Since all the integrated SAST tools are very different in terms of
implementation, and depend on different tech stacks, they are all
wrapped in Docker images. The wrappers translate tool-native vulnerability
reports to a generic, common report format which is
made available by means of the gl-sast-report.json
artifact. This generic
report is GitLab's common interface between analyzers and the GitLab Rails
backend.
Benchmarking is important to assess the efficacy of analyzers and helps to make
data-driven decisions. For example, benchmarking is useful for QA testing
(spotting regressions), for data-driven decision making, and for research by
assessing the progression of the GitLab security feature performance over time.

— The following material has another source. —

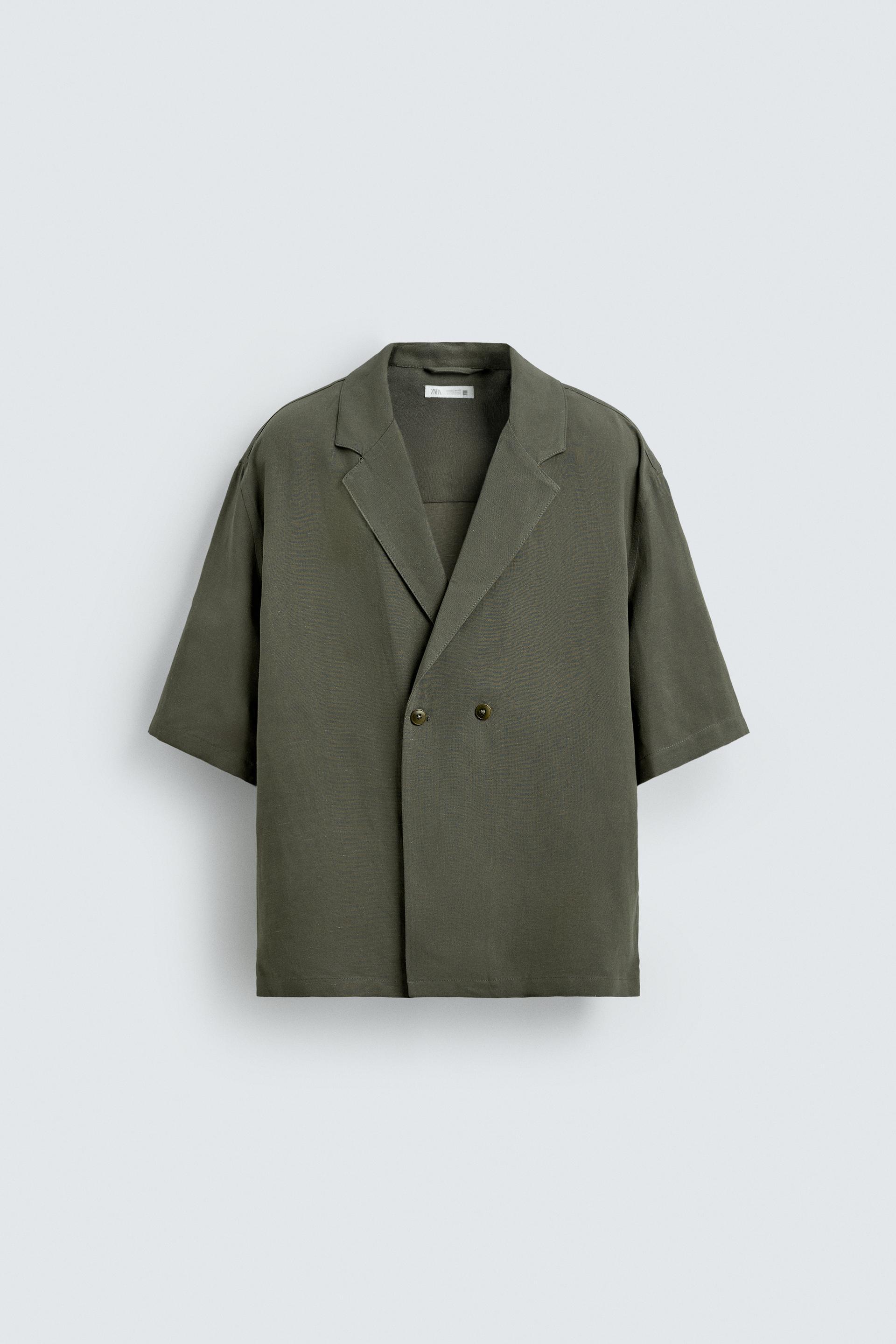 VISCOSE - LINEN KIMONO SHIRT by ZARA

Google Summer Of Code (GSoC)
Google Summer of Code (GSoC)
is a 10-week program that enlists contributors to work on open source projects
in collaboration with open source organizations. For GSoC 2022, GitLab offered
four projects to GSoC contributors. The contributors completed each of the
projects with the guidance from GitLab team members who mentored them and
provided regular feedback and assistance when needed.
Terms & Notation
In this blog post, we use the terms/acronyms below to classify findings reported by security analyzers.
Acronym | Meaning | Description |
---|---|---|
TP | True Positive | Analyzer correctly identifies a vulnerability. |
FP | False Positive | Analyzer misidentifies a vulnerability or reported a vulnerability where none exist. |
TN | True Negative | Analyzer correctly ignores a potential false positive. |
FN | False Negative | Analyzer does not report a known vulnerability. |
For the figures in the blog post we use the following notation: processes are
depicted as rounded boxes, whereas artifacts (e.g., files) are depicted as
boxes; arrows denote an input/output (IO) relationship between the connected nodes.
flowchart TB;
subgraph legend[ Legend ]
proc(Process);
art[Artifact];
proc -->|IO relation|art;
end
Motivation
The authors of the paper How to Build a Benchmark distilled the desirable characteristics of a benchmark below:
- Relevance: How closely the benchmark behavior correlates to behaviors that are of interest to consumers of the results.
- Reproducibility: The ability to consistently produce similar results when the benchmark is run with the same test configuration.
- Fairness: Allowing different test configurations to compete on their merits without artificial limitations.
- Verifiability: Providing confidence that a benchmark result is accurate.
- Usability: Avoiding roadblocks for users to run the benchmark in their test environments.
There currently is no standard nor de facto language-agnostic SAST benchmark
satisfying all the criteria mentioned above. Many benchmark suites focus on
specific languages, are shipped with incomplete or missing ground-truths, or
are based on outdated technologies and/or frameworks. A ground-truth or
baseline is the set of findings a SAST tool is expected to detect.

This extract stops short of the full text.